Apart from that brief interlude, we didn’t do any canter work today. Working on the walk and the trot was enough. I actually suffered a rather dizzy spell halfway through the lesson and had to stop for a bit until my vision cleared. Kelly ran to get me a bit of chocolate to try and spike my blood sugar levels a bit warning me “don’t fall off” as she went. Fortunately, Fox took advantage of my dizzy state to stand completely still and let it all hang loose.

I worked hard today though, really trying to use my legs properly and focusing so many different things at once. I was conscious of where my hands where, how tight my tummy muscles were, whether my hips were open or locked, trying to keep my knees from rotating, stretching through the calf muscle, stepping down into the stirrup, lifting my ribcage, keeping a bend in my elbow, and looking up and around. All at the same time.

I know that in time, all of those things will come together and gradually I won’t even notice I’m doing them. There are moments I feel like I’m getting it, like things are starting to come naturally. But then something new happens and it’s like I have to start all over again to incorporate it into the pattern of my body.

Kelly asked me at one point whether I was okay with the fact that we weren’t doing anything very exciting, and I told her that what we were doing was exactly what I wanted to be doing, because it’s the little things I seem to struggle with. At which point, she corrected me.

“You don’t struggle with all the little things at all. You block some of your feel. Feel comes from your seat, not your brain, and your brain is so active that the minute you start thinking about what you’re doing, you start blocking that feel. You know how to do all the little things perfectly well, you struggle to feel it because you’re using your head more than your seat.”

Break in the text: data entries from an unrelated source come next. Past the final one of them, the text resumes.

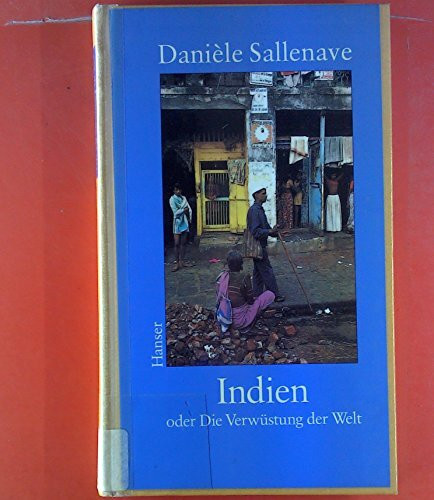Indien oder die Verwüstung der Welt: Reiseerzählung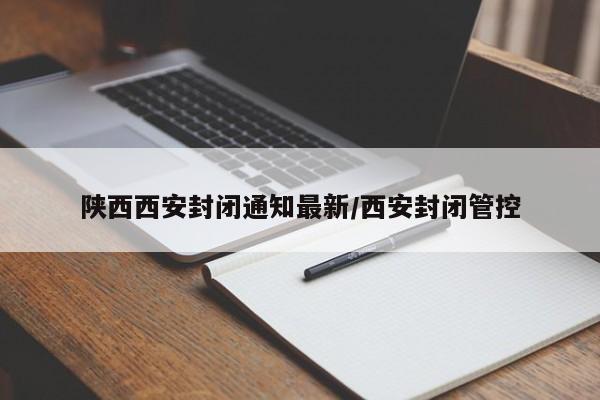 陕西西安封闭通知最新/西安封闭管控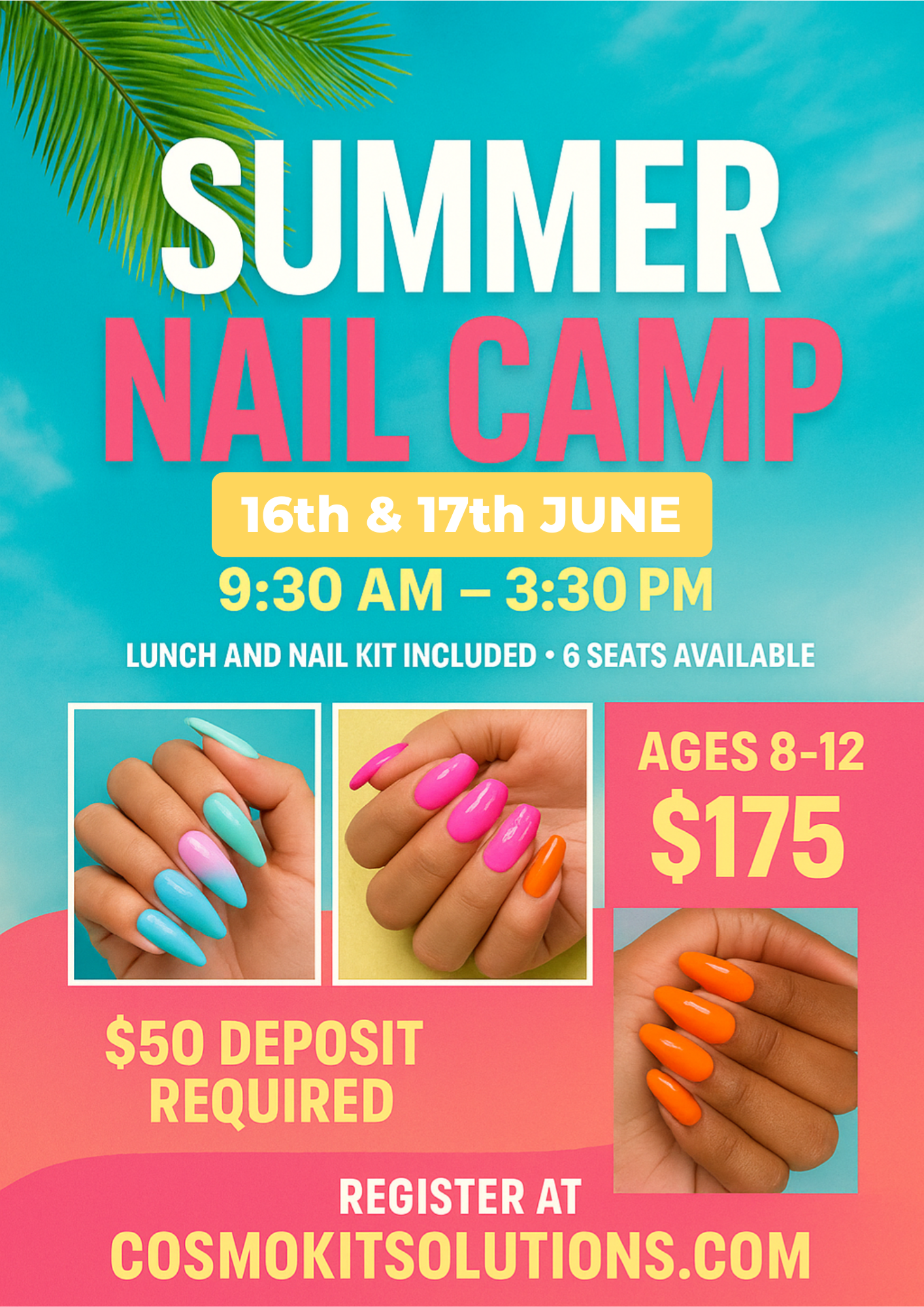 SUMMER NAIL CAMP FOR AGES 8–12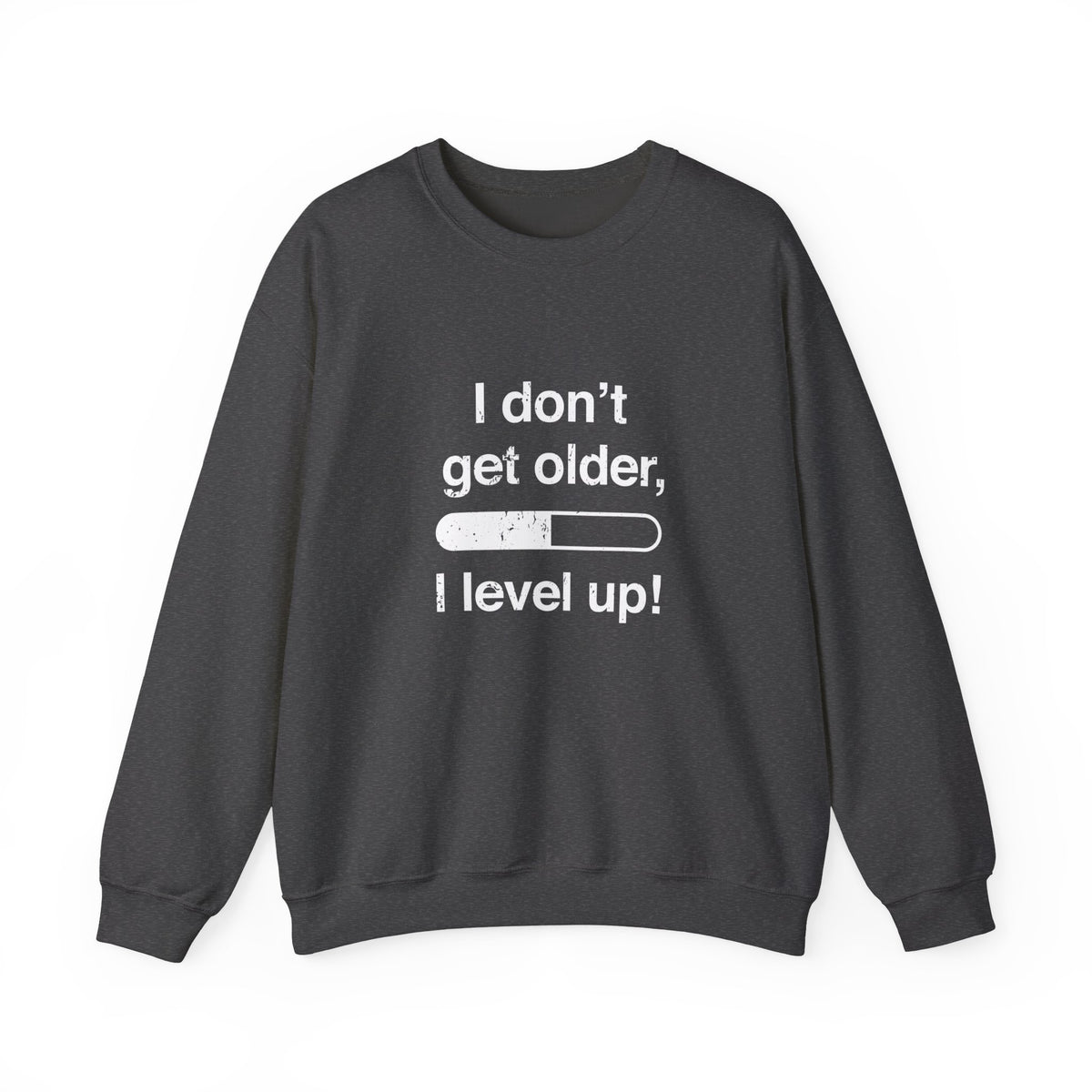 I Don't Get Older I Level Up Sweatshirt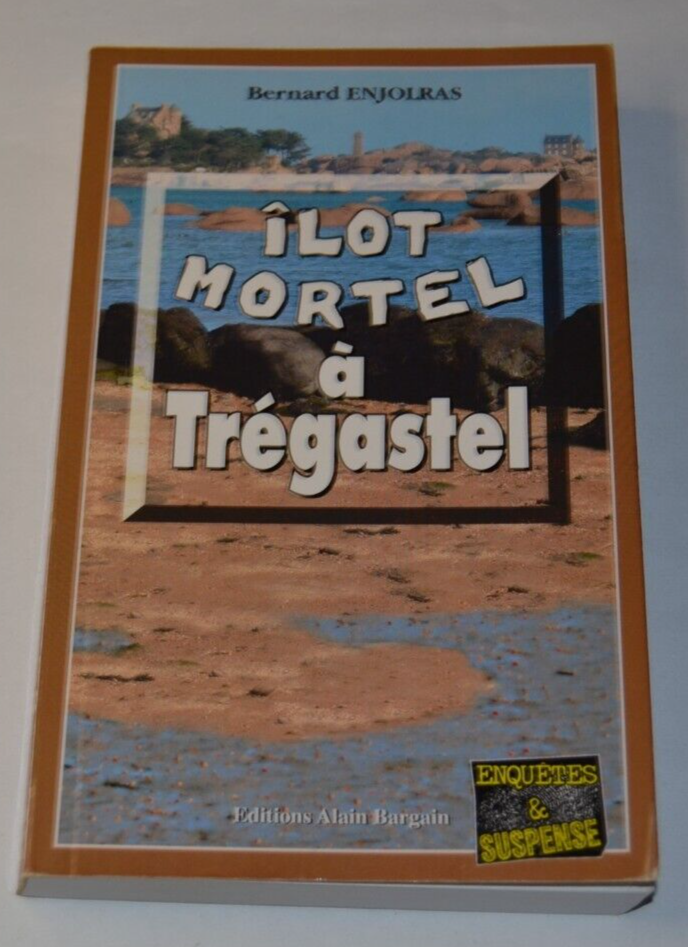 Deadly Island in Trégastel - Bernard Enjolras - book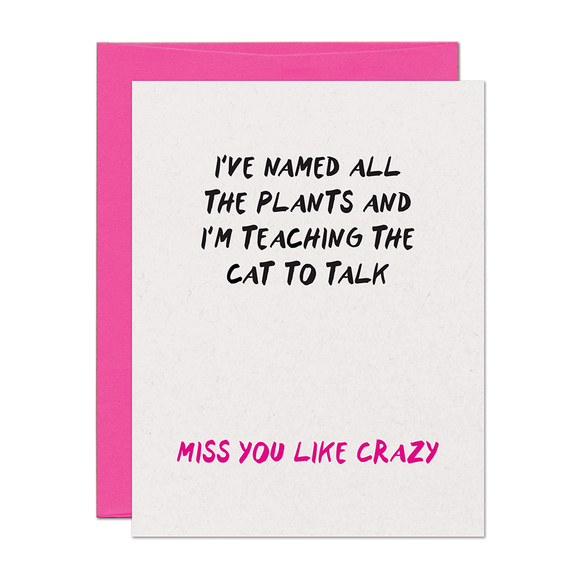Miss You Like Crazy Card
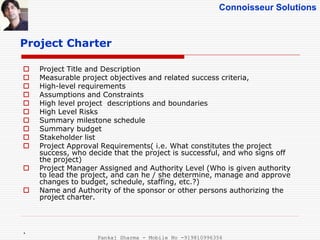 Connoisseur Solutions
Project Charter
 Project Title and Description
 Measurable project objectives and related success criteria,
 High-level requirements
 Assumptions and Constraints
 High level project descriptions and boundaries
 High Level Risks
 Summary milestone schedule
 Summary budget
 Stakeholder list
 Project Approval Requirements( i.e. What constitutes the project
success, who decide that the project is successful, and who signs off
the project)
 Project Manager Assigned and Authority Level (Who is given authority
to lead the project, and can he / she determine, manage and approve
changes to budget, schedule, staffing, etc.?)
 Name and Authority of the sponsor or other persons authorizing the
project charter.
.
Pankaj Sharma - Mobile No -919810996356
 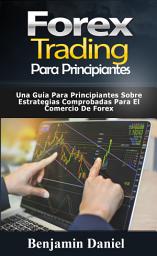 Icon image Forex Trading Para Principiantes: Una guía para principiantes sobre estrategias comprobadas para operar en Forex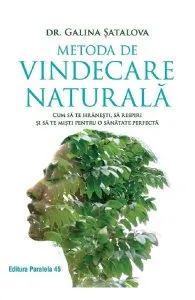 Metoda de vindecare naturala de Galina Satalova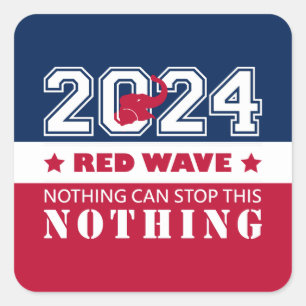 2024 Presidentiële verkiezingen RED WAVE Vierkante Sticker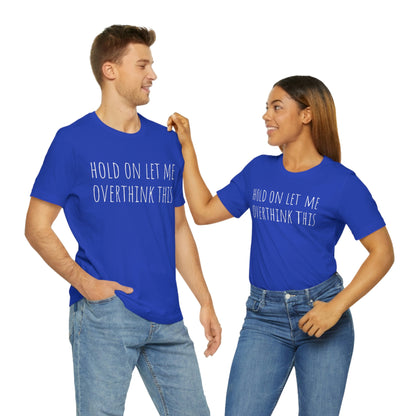 Hold On Let Me Overthink This, Tshirt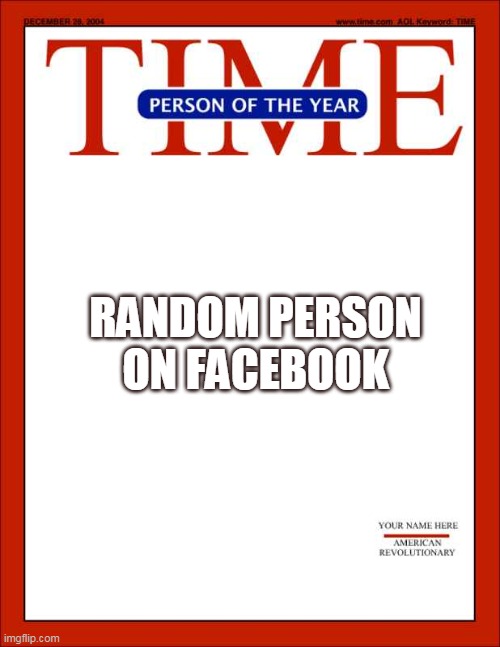 time magazine person of the year | RANDOM PERSON ON FACEBOOK | image tagged in time magazine person of the year | made w/ Imgflip meme maker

I think I may have just sat and looked at her when she said that. Not because I was appalled or upset or confused. But because in a few short sentences she had explained to me the exact thing I couldn’t quite put my finger on. I’ve known for a while that something is holding me back, and I spend half my time searching to find what it is and how to make it better. When what I should be doing is just that, doing. I need to stop all this brain stuff, turn off the analysing and the rationalising and the worrying and the self-criticisms. I need to block that out, and just ride. Block the thoughts, not the feel.

There were moments today when I felt like something was right. When we had a nice active walk, I could feel the swing across his back, underneath me. I could feel which hind leg was stepping forwards each time, and I shifted my own hips in time with his, as if they were attached by a piece of string. I moved with him, by feeling his movement. I started to pick up the feel of that mounting energy going into the trot transition. I wasn’t consistent with my timing, but there were times when it was there.

Instead of sitting to ask for the walk, I just slowed my rising more and more until his next step forward was into walk. I could feel as I slowed my rise, that he was slowing with me. And through the halt transitions I could feel him respond as I blocked the movement, gingerly at first but more confidently as the lesson wore on. I was able to feel his body still, almost at the same time mine did towards the end of the lesson.

It was actually really nice to be able to feel all of that, and to really know (because I felt it) that Fox was 100% listening and responding to what I was asking of him. He was so responsive to my movements or lack of movements, and he was so quick to understand what I wanted him to do despite it being different to how I’ve asked him before. And it was lovely to feel him relaxing throughout the lesson.

Still on the Fox line, but not riding wise, I got a truly lovely greeting from him this afternoon. He wasn’t in his usual stable but I spotted his headcollar so headed off in that direction.  As I approached, I saw his spotty bum in the corner and realised he was standing right at the back, probably sulking about something. So I called, “Foooxyyyy” as I walked closer. I heard him shift around a little, and the second I came into sight his head (already turned towards the door) lifted right up, the ears came forward and got a gorgeous whicker as he walked over to me. My heart leapt, and I presented my hands for him to sniff quickly. He then stepped right up to the door, and presented me with his head. I rubbed his forehead a bit and massaged his ears for a little bit, until he leant into my shoulder with his chin. So I pressed my forehead against his and we stood like that for a little bit, just having a quiet moment.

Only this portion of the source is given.